- **EXERCISE REQUIREMENTS**
Given the listing below, output exactly the line containing "Orchis tridentata" and every line after it through the end.

- **DATA RECORDS**
+ + + + +

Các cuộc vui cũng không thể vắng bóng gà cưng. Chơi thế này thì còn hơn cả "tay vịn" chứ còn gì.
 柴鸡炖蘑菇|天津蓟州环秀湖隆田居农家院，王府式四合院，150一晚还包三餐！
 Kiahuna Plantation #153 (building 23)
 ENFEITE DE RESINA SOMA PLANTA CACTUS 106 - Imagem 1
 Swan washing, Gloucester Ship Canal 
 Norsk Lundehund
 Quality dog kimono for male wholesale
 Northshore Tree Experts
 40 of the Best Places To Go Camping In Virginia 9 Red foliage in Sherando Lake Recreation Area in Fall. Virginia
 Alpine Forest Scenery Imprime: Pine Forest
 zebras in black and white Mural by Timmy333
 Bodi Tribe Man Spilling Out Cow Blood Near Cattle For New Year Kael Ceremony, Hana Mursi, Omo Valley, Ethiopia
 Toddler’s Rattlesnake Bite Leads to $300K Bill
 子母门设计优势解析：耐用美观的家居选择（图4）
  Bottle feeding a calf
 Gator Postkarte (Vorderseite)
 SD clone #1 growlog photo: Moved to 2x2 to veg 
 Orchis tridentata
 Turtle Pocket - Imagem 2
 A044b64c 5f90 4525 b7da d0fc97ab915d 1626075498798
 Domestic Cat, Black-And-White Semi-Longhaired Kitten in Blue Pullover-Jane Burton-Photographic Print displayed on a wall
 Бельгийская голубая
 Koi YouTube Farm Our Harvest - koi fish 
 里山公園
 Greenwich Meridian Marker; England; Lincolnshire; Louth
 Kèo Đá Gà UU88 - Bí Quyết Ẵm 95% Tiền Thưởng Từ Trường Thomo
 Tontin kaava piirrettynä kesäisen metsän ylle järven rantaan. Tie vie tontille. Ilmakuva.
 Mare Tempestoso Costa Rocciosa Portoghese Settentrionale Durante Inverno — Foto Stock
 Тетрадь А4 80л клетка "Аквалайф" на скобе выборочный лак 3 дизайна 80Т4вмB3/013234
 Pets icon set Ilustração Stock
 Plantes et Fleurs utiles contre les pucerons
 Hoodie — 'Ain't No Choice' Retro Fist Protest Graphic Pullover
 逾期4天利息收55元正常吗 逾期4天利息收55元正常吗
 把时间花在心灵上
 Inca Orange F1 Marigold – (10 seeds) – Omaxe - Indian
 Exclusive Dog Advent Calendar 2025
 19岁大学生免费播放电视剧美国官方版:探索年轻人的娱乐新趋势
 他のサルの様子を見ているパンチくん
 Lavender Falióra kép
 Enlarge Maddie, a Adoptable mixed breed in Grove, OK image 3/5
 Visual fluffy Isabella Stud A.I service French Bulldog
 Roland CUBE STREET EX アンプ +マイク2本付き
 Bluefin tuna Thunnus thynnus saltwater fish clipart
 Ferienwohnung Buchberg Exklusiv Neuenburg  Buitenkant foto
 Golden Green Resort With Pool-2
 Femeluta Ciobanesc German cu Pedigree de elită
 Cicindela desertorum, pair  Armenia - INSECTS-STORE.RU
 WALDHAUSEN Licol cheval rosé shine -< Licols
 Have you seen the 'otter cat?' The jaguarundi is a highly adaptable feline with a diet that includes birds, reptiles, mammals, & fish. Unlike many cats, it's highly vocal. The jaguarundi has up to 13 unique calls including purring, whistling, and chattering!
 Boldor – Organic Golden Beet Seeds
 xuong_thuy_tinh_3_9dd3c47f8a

+ + + + +

- **SOLUTION TO THIS EXERCISE**
 Orchis tridentata
 Turtle Pocket - Imagem 2
 A044b64c 5f90 4525 b7da d0fc97ab915d 1626075498798
 Domestic Cat, Black-And-White Semi-Longhaired Kitten in Blue Pullover-Jane Burton-Photographic Print displayed on a wall
 Бельгийская голубая
 Koi YouTube Farm Our Harvest - koi fish 
 里山公園
 Greenwich Meridian Marker; England; Lincolnshire; Louth
 Kèo Đá Gà UU88 - Bí Quyết Ẵm 95% Tiền Thưởng Từ Trường Thomo
 Tontin kaava piirrettynä kesäisen metsän ylle järven rantaan. Tie vie tontille. Ilmakuva.
 Mare Tempestoso Costa Rocciosa Portoghese Settentrionale Durante Inverno — Foto Stock
 Тетрадь А4 80л клетка "Аквалайф" на скобе выборочный лак 3 дизайна 80Т4вмB3/013234
 Pets icon set Ilustração Stock
 Plantes et Fleurs utiles contre les pucerons
 Hoodie — 'Ain't No Choice' Retro Fist Protest Graphic Pullover
 逾期4天利息收55元正常吗 逾期4天利息收55元正常吗
 把时间花在心灵上
 Inca Orange F1 Marigold – (10 seeds) – Omaxe - Indian
 Exclusive Dog Advent Calendar 2025
 19岁大学生免费播放电视剧美国官方版:探索年轻人的娱乐新趋势
 他のサルの様子を見ているパンチくん
 Lavender Falióra kép
 Enlarge Maddie, a Adoptable mixed breed in Grove, OK image 3/5
 Visual fluffy Isabella Stud A.I service French Bulldog
 Roland CUBE STREET EX アンプ +マイク2本付き
 Bluefin tuna Thunnus thynnus saltwater fish clipart
 Ferienwohnung Buchberg Exklusiv Neuenburg  Buitenkant foto
 Golden Green Resort With Pool-2
 Femeluta Ciobanesc German cu Pedigree de elită
 Cicindela desertorum, pair  Armenia - INSECTS-STORE.RU
 WALDHAUSEN Licol cheval rosé shine -< Licols
 Have you seen the 'otter cat?' The jaguarundi is a highly adaptable feline with a diet that includes birds, reptiles, mammals, & fish. Unlike many cats, it's highly vocal. The jaguarundi has up to 13 unique calls including purring, whistling, and chattering!
 Boldor – Organic Golden Beet Seeds
 xuong_thuy_tinh_3_9dd3c47f8a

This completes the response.